Records from a collection

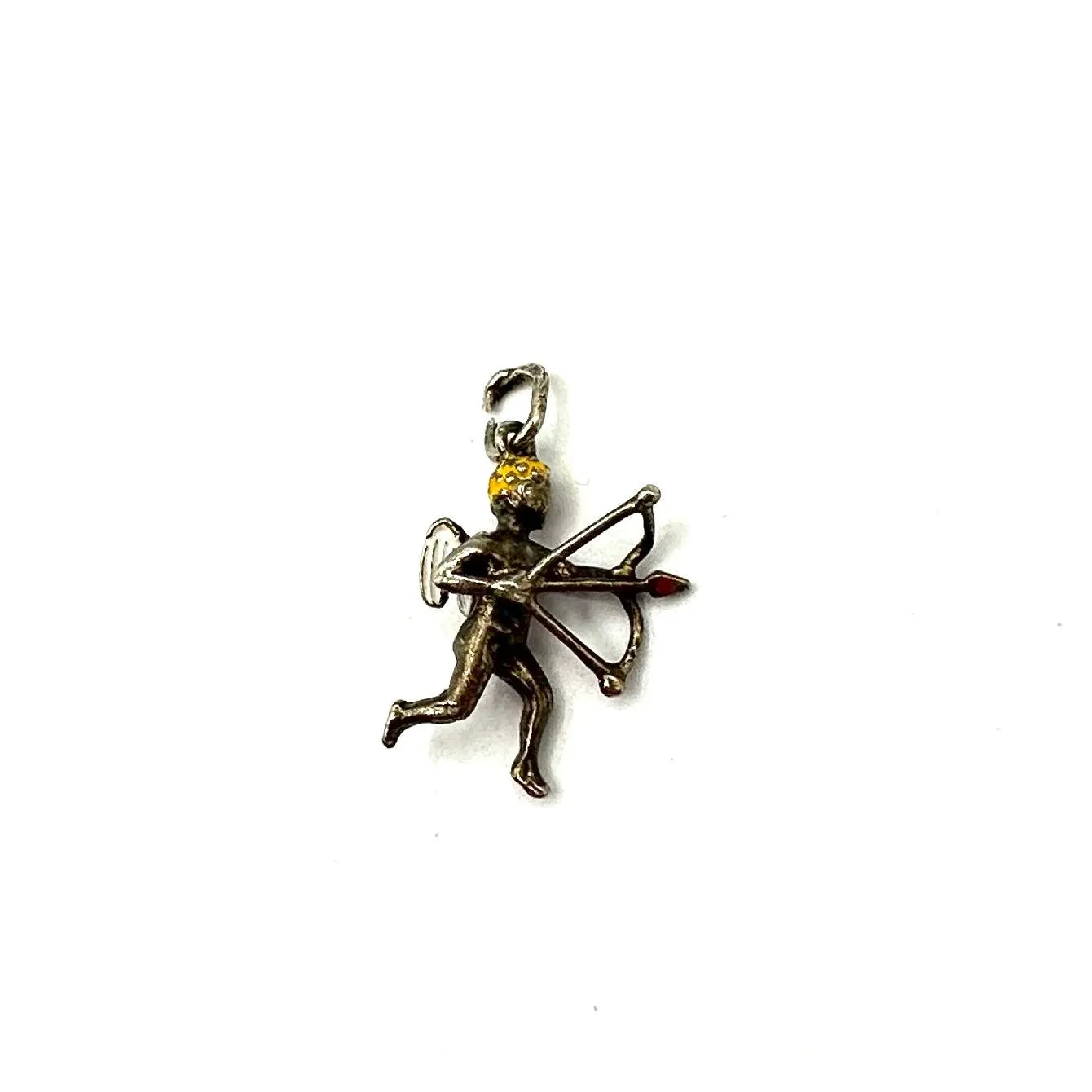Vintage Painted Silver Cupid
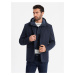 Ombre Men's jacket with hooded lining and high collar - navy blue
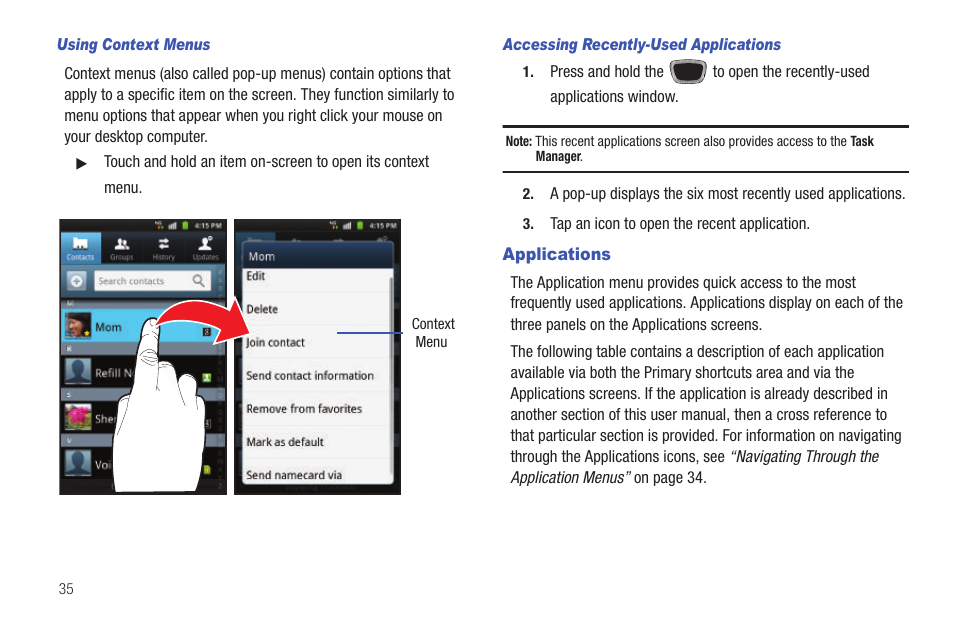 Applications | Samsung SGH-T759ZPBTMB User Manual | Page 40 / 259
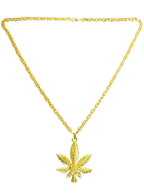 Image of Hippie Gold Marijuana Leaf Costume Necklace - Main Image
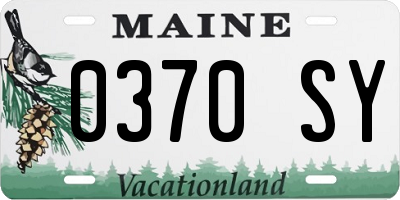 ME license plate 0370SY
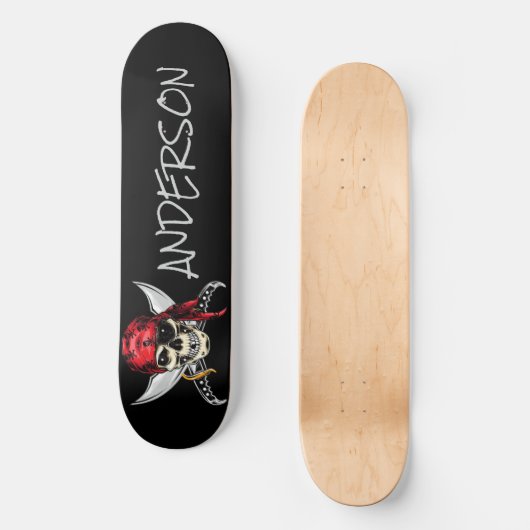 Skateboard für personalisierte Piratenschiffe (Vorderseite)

_Exercise brief_: Exact repeat, pictures omitted: give every line from the top of the records down to and including the line with "ME license plate 0370SY".

_Answer box_:
Vintage Painted Silver Cupid
 Ombre Men's jacket with hooded lining and high collar - navy blue
 Applications | Samsung SGH-T759ZPBTMB User Manual | Page 40 / 259
 Image of Hippie Gold Marijuana Leaf Costume Necklace - Main Image
 ME license plate 0370SY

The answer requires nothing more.